→ Activity: Pictures aside, the data must be reproduced exactly.

→ Collected data:
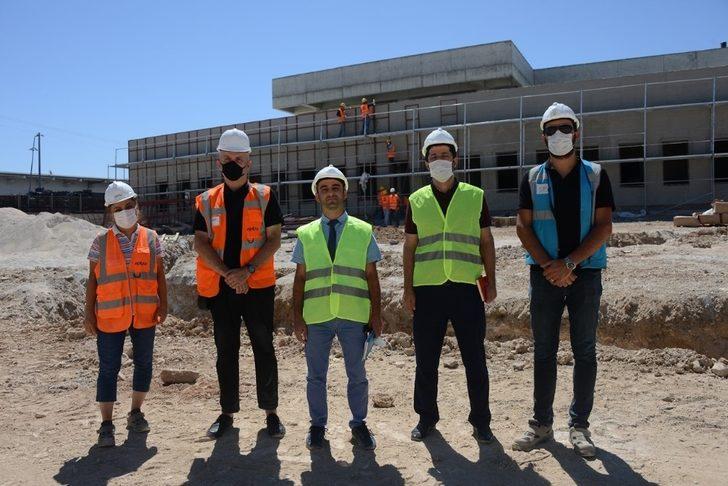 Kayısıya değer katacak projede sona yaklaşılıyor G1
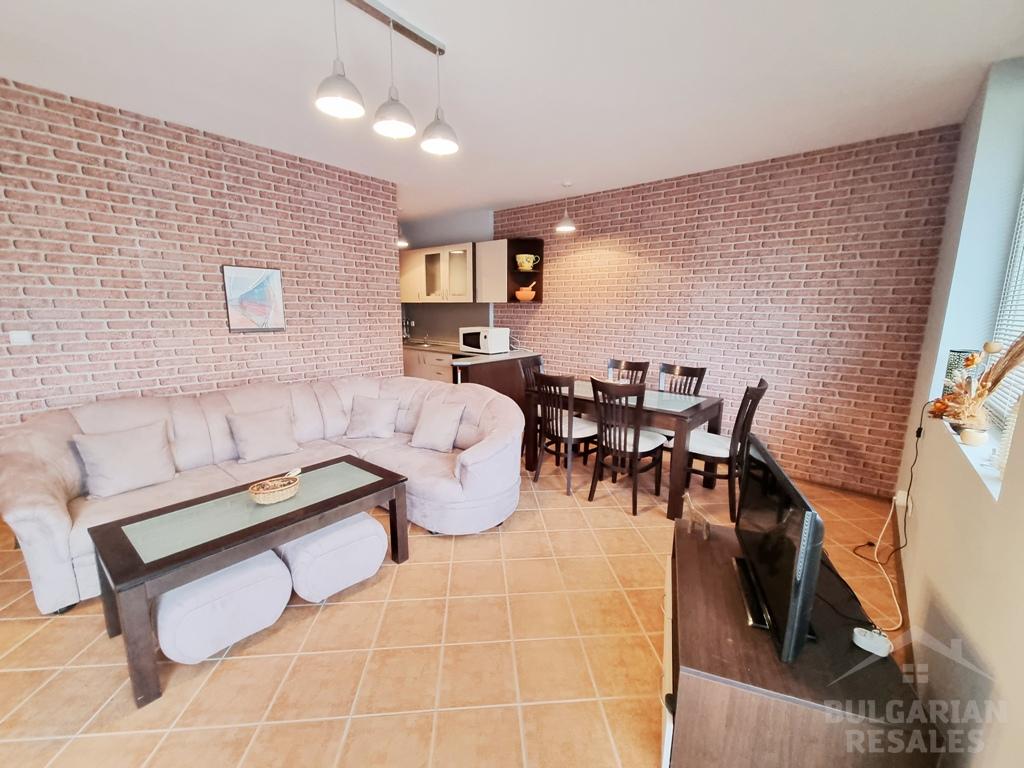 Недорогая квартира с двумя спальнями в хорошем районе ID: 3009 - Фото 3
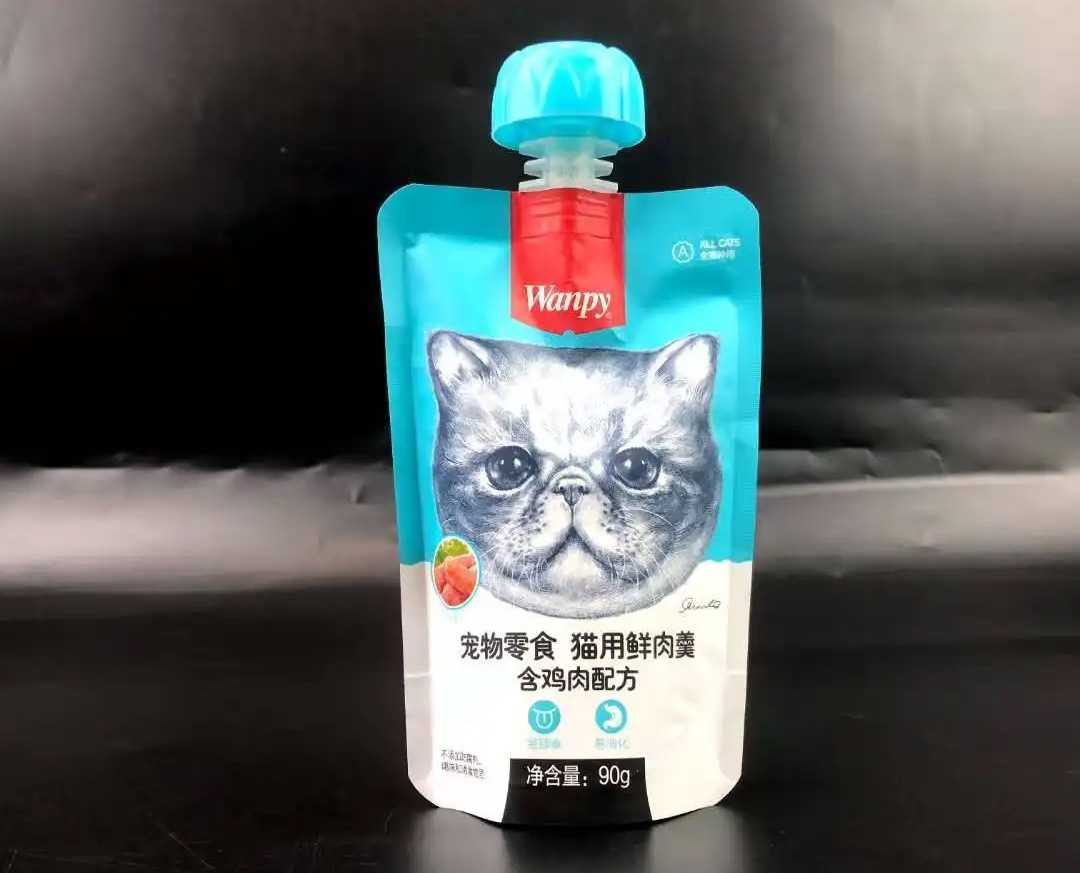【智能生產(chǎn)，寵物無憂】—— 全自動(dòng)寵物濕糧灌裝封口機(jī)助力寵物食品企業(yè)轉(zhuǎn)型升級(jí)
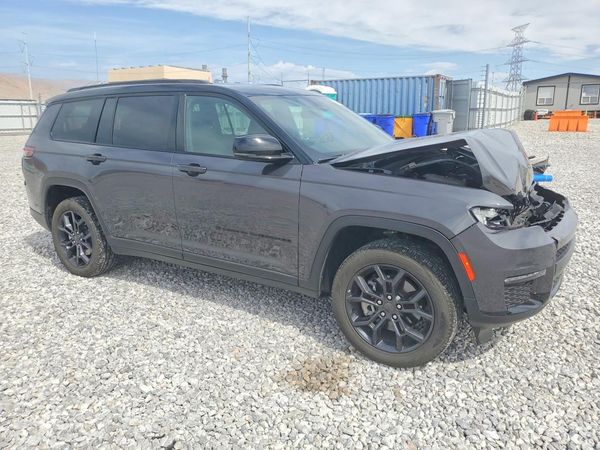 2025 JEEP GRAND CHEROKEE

→ Completed exercise:
 Kayısıya değer katacak projede sona yaklaşılıyor G1
 Недорогая квартира с двумя спальнями в хорошем районе ID: 3009 - Фото 3
【智能生產(chǎn)，寵物無憂】—— 全自動(dòng)寵物濕糧灌裝封口機(jī)助力寵物食品企業(yè)轉(zhuǎn)型升級(jí)
 2025 JEEP GRAND CHEROKEE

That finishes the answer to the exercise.